By Valerie Baldowski
Movie-making on sound stages in Henry County cleared a major hurdle Tuesday, when the county's board of commissioners voted 4-1 to approve a resolution necessary to get the ball rolling on the project.
Through the vote, the commission expressed its intent to support the creation of a development agreement with Big 5 Enterprises, LLC, and enter into an intergovernmental contract with the Henry County Development Authority -- necessary steps in the process.
District V Commissioner Johnny Basler cast the lone dissenting vote. "My issue was, at the end of the day, if all else fails, the millage rate is going to be a factor in paying the debt," Basler said, after the meeting. "I wish them well. I congratulate them, [but] that's my concern."
Basler said his biggest worry is the pledging of up to one mill of taxpayers' money to secure Big 5 Development's project. Billy Abbate, managing partner of Big 5 Enterprises and Atlanta Film Studios, said, after the meeting, that Basler's vote fell in line with a pattern. "Commissioner Basler's been consistent throughout this process," said Abbate. "We could not get him to a comfort level. He felt like county millage, taxpayer money, should not be placed at risk for this type of project."
Statistically, Big 5's competitors nationally have been financed with public funding, industrial revenue bonds, and grants, Abbate said. "It's important to know that industrial revenue bonds are just a mechanism for financing," he added.
The Tara Field Project will have an initial capital investment in the county of over $30 million, and is estimated to generate 300 direct jobs and 2,000 indirect jobs, according to the development agreement.
Although the commission expressed its intent to support the agreement with is vote on Tuesday, the matter is expected to be brought back for a final vote, within 60 days.

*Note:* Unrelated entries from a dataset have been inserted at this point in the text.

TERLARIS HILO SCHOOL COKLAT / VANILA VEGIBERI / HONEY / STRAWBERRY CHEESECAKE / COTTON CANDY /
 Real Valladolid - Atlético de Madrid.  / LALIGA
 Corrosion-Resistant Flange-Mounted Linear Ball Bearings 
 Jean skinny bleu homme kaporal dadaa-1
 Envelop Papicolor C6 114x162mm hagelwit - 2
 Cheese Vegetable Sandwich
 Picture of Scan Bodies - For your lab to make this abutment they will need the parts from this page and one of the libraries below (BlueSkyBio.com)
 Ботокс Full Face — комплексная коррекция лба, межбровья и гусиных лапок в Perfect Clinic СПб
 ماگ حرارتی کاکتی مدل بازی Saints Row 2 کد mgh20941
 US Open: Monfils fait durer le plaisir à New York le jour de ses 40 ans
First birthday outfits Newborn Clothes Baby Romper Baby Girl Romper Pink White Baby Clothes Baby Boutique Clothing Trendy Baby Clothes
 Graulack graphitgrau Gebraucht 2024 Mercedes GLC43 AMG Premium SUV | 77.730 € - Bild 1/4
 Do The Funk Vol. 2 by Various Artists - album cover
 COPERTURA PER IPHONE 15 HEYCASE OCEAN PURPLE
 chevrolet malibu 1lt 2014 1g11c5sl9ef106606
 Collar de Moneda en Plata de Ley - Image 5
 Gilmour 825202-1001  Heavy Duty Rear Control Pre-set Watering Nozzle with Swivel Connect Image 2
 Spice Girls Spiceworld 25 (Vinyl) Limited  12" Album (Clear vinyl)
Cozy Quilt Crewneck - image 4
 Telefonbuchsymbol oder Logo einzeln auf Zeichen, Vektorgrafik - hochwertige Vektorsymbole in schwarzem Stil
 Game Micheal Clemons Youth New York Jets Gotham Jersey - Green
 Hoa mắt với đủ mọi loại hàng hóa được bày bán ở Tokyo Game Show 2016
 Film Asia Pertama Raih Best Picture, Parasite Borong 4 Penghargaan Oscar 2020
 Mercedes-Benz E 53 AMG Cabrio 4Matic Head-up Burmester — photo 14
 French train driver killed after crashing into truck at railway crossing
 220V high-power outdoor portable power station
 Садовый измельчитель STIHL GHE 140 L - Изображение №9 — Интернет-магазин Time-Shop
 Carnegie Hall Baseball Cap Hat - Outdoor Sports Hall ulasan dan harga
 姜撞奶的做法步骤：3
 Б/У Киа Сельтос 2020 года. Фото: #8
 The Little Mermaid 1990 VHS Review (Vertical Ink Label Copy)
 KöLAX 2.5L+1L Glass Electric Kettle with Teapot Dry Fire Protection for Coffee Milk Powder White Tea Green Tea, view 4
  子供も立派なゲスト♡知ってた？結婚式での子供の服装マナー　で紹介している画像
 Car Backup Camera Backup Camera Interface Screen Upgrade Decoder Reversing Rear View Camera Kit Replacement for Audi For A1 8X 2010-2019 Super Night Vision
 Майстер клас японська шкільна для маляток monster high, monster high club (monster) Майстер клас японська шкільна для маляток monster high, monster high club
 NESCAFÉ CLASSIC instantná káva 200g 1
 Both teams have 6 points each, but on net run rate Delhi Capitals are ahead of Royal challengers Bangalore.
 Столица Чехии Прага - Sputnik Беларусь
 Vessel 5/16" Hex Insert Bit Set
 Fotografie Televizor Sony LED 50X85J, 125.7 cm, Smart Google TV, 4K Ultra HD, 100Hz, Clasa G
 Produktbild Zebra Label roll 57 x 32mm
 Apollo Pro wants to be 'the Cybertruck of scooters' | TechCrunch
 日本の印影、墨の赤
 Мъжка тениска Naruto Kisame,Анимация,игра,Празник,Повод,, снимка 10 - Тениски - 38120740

"In talking with the county manager, we think 60 days total is sufficient," said County Attorney LaTonya Wiley.
The proposed development agreement outlines the requirements for the issuance of economic development revenue bonds, to finance the conversion of six existing hangars at Tara Field in Hampton into move-production studios. One provision of the proposed agreement requires an "enforceable, irrevocable letter of credit in the amount of $15 million from a Moody's and Standard and Poor's, minimum, A-rated banking institution guaranteeing a portion of the debt issuance."
The letter of credit shall be renewed at the time specified in the finalized development agreement. "Should the letter of credit not be extended, renewed or replaced with a satisfactory letter of credit of at least equal quality, such letter of credit shall be called upon and the proceeds thereof shall be paid to the county as security for its obligations with respect to the Tara Field bonds," the proposed agreement states.
The contract requires "the developer's irrevocable pledge to make annual payments in lieu of taxes to Henry County throughout the term of the bonds, equal to 100 percent of the amount of county tax liability of all Tara Field property and improvements thereon, as if such property were assessed as though privately held."
It also requires a "clearly stated operating structure showing all building plans, business operations and flow chart of all funds and their applications."
The proposed agreement requires Big 5 Development to provide an initial cash contribution of at least $500,000 to the county, to be used by the county to establish a debt-service reserve fund.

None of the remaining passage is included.